***** Records for this task

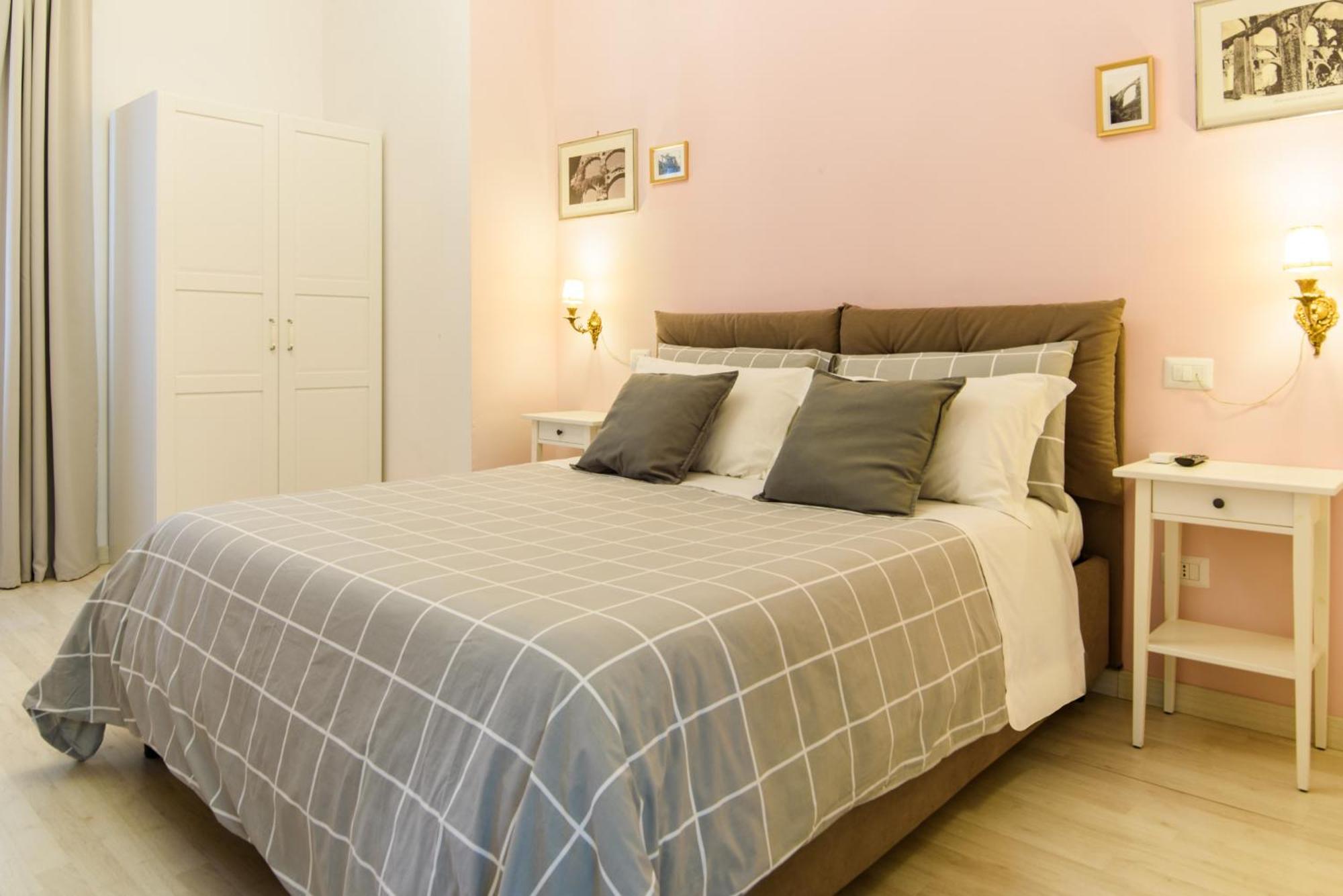 Gli Archi Dei Diavoli Bed and Breakfast Σαλέρνο Εξωτερικό φωτογραφία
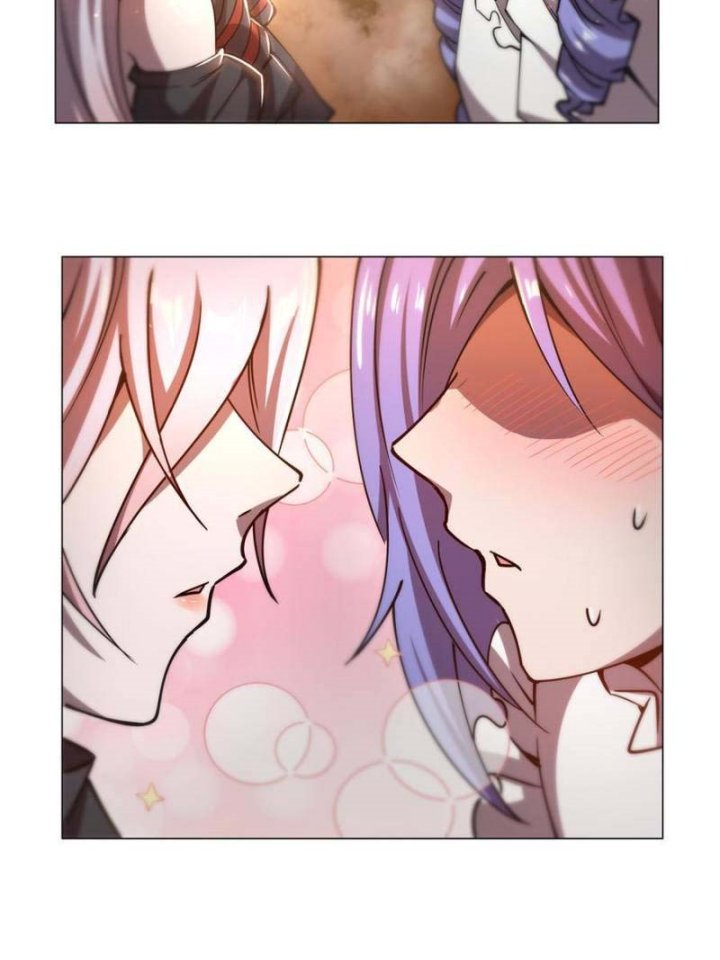 The Blood Princess And The Knight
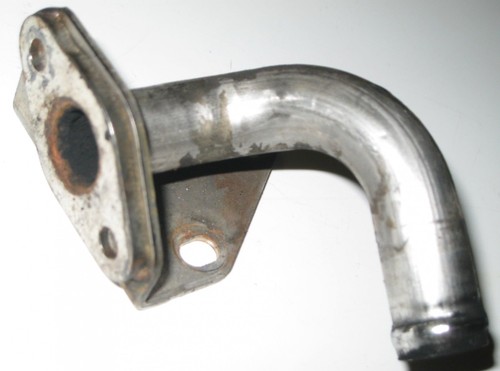 Bmw m43 engine egr - engine,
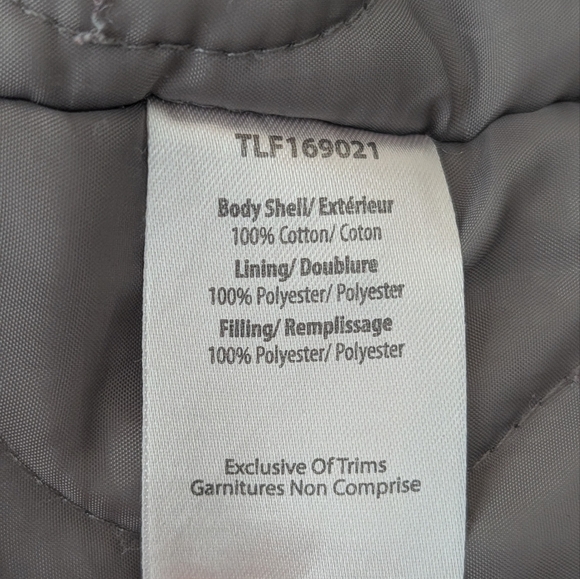 TRIPLE five Soul Women's Hooded Jacket in Mauve - Picture 15 of 15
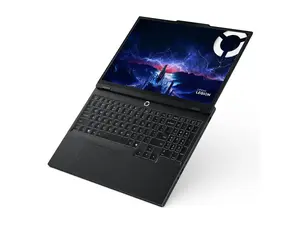 Lenovo Legion 5 15IAX10 Intel | Eclipse Black | 15.1 " | OLED | WQXGA | 2560 x 1600 pixels | Glossy | Intel Core Ultra 7 | 255HX | 16 GB | SODIMM DDR5 | Solid-state drive capacity 1000 GB | NVIDIA GeForce RTX 5060 | GDDR7 | 8 GB | Windows 11 Home | 802.11be | Bluetooth version 5.4 | Keyboard language English | Keyboard backlit | Warranty 24 month(s) | Battery warranty 12 month(s)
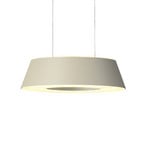 OLIGO Glance LED pendant lamp 1-bulb cashmere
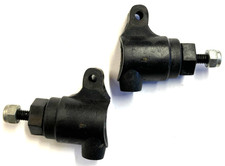 Mozzi posteriori Thunder Tiger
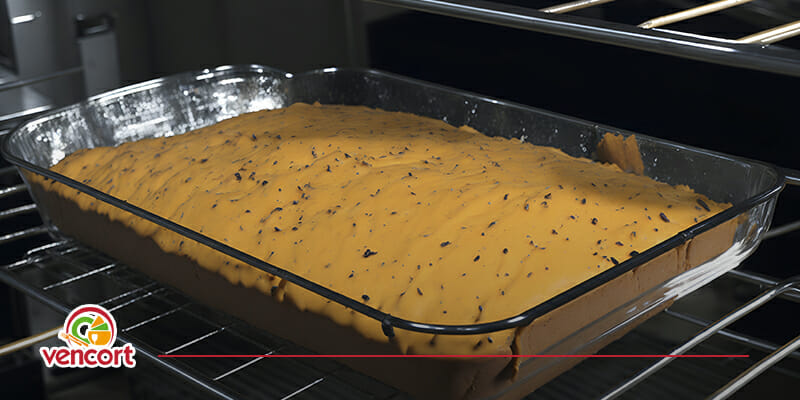 Compra el refractario para horno y prepara recetas fascinantes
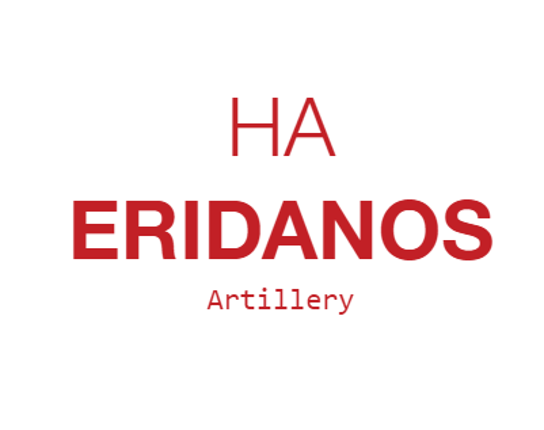 HA Eridanos Game Cover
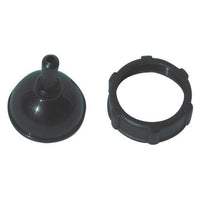 CUPOLETTA + GHIERA PER BATTERIA UNIBOX ITS- ITS- pezzi 1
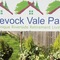 Kevock Vale Park - map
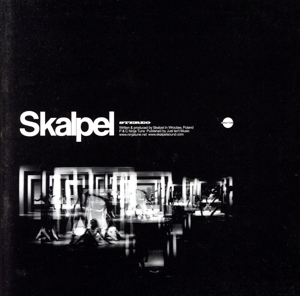 【輸入盤】Skalpel (ZENCD87)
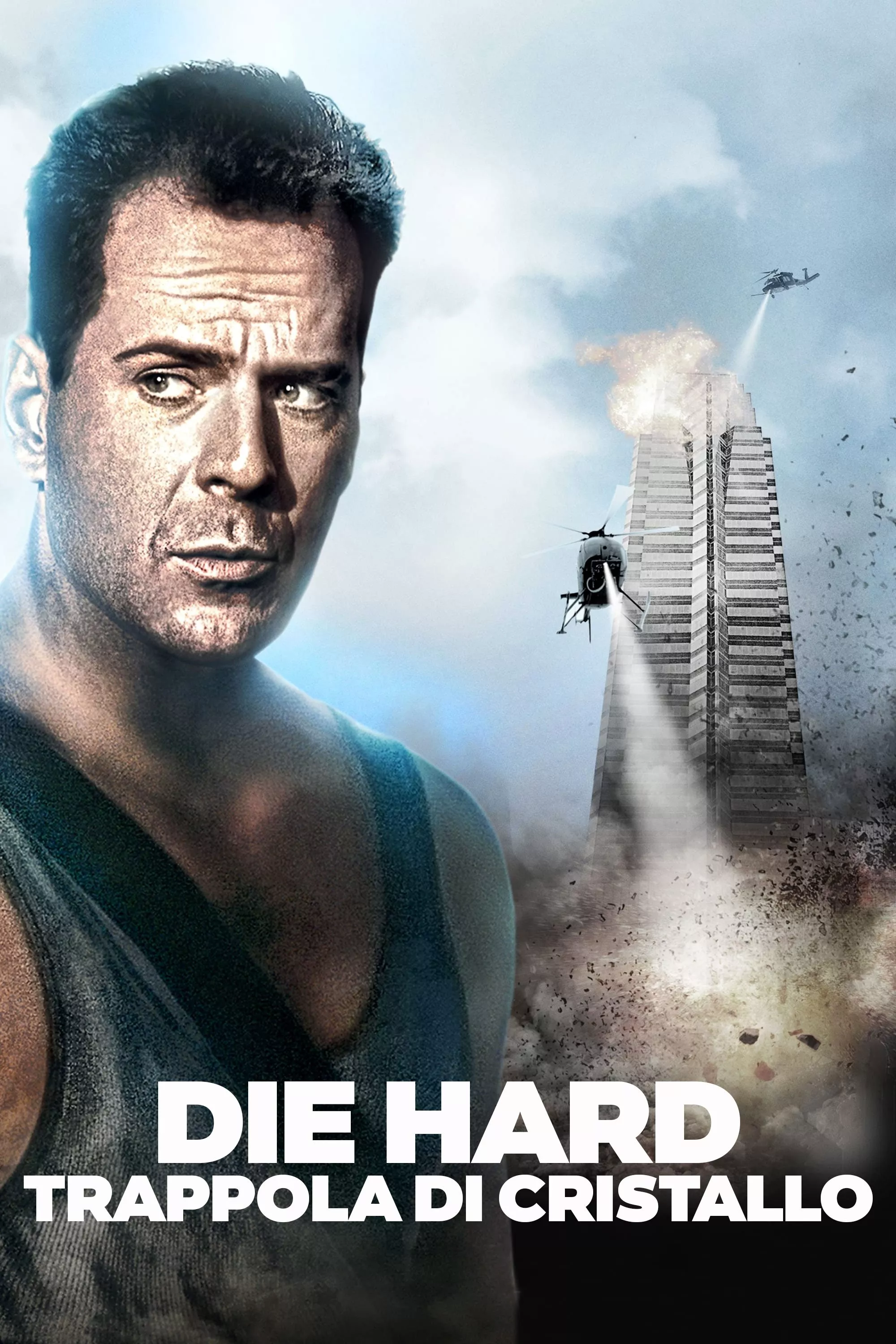 Trappola di cristallo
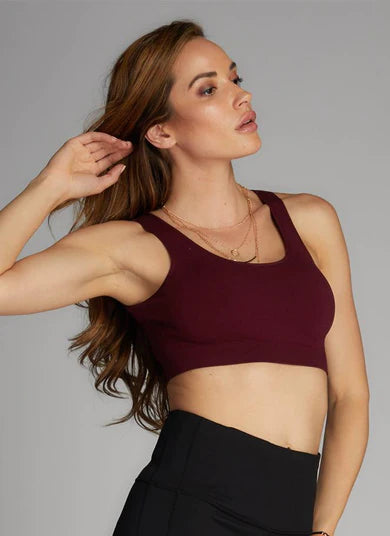 C'est Moi Bamboo Bralette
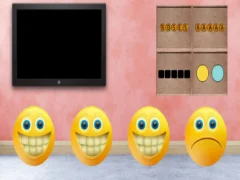 Spil Catra Escape online
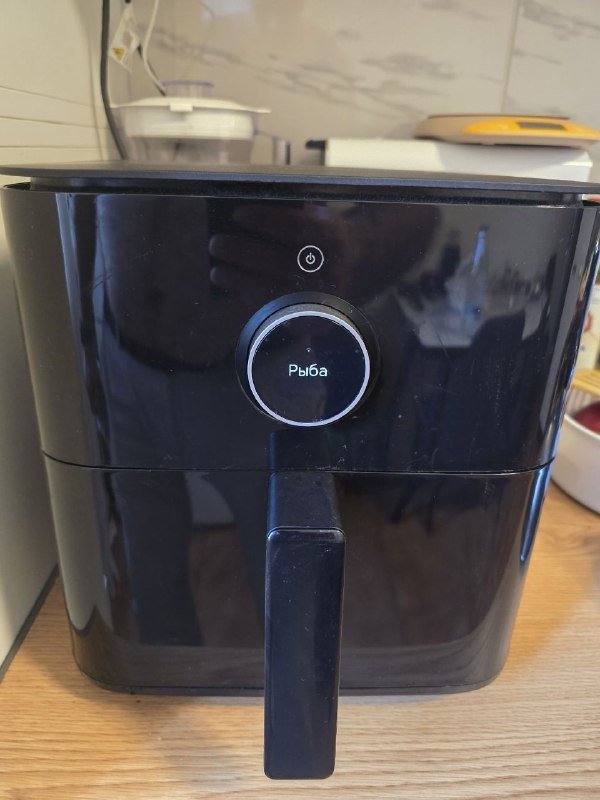 Аэрогриль Xiaomi air fryer 6.5 2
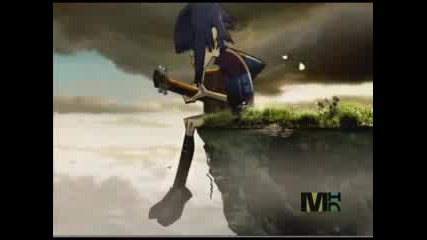 Feel Good - Gorillaz [hq]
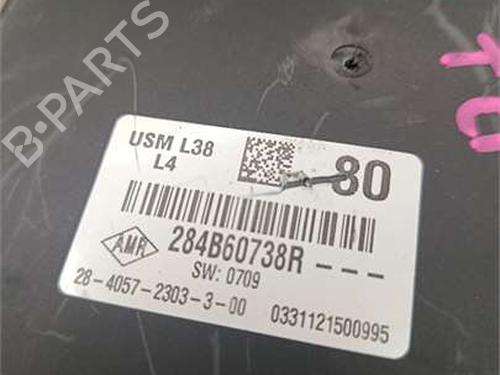 Fuse box RENAULT LATITUDE (L70_) 2.0 dCi 150 (L70H) | BP35798072E1 - Image 3
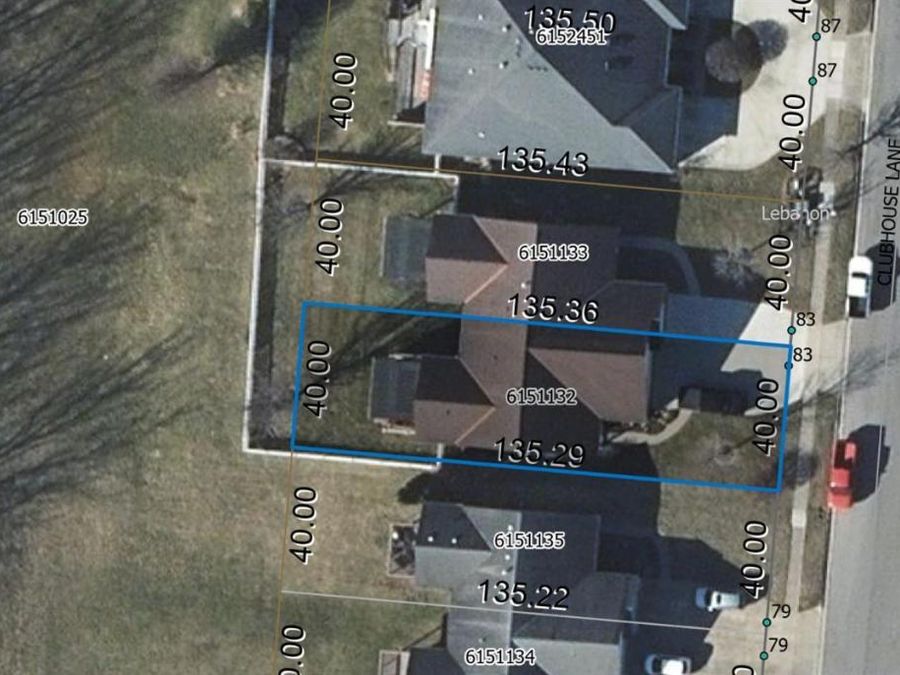 83 Clubhouse Lane, Unit A, Lebanon, OH 45036 Photo 59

**********

Working from the records above, reproduce exactly the lines from the one with "Mozzi posteriori Thunder Tiger" through the last line, without the pictures.

 Mozzi posteriori Thunder Tiger
 Compra el refractario para horno y prepara recetas fascinantes
 HA Eridanos Game Cover
 CUPOLETTA + GHIERA PER BATTERIA UNIBOX ITS- ITS- pezzi 1
 Kevock Vale Park - map
 【輸入盤】Skalpel (ZENCD87)
 Trappola di cristallo
 C'est Moi Bamboo Bralette
 Spil Catra Escape online
 Аэрогриль Xiaomi air fryer 6.5 2
 Feel Good - Gorillaz [hq]
 Fuse box RENAULT LATITUDE (L70_) 2.0 dCi 150 (L70H) | BP35798072E1 - Image 3
 83 Clubhouse Lane, Unit A, Lebanon, OH 45036 Photo 59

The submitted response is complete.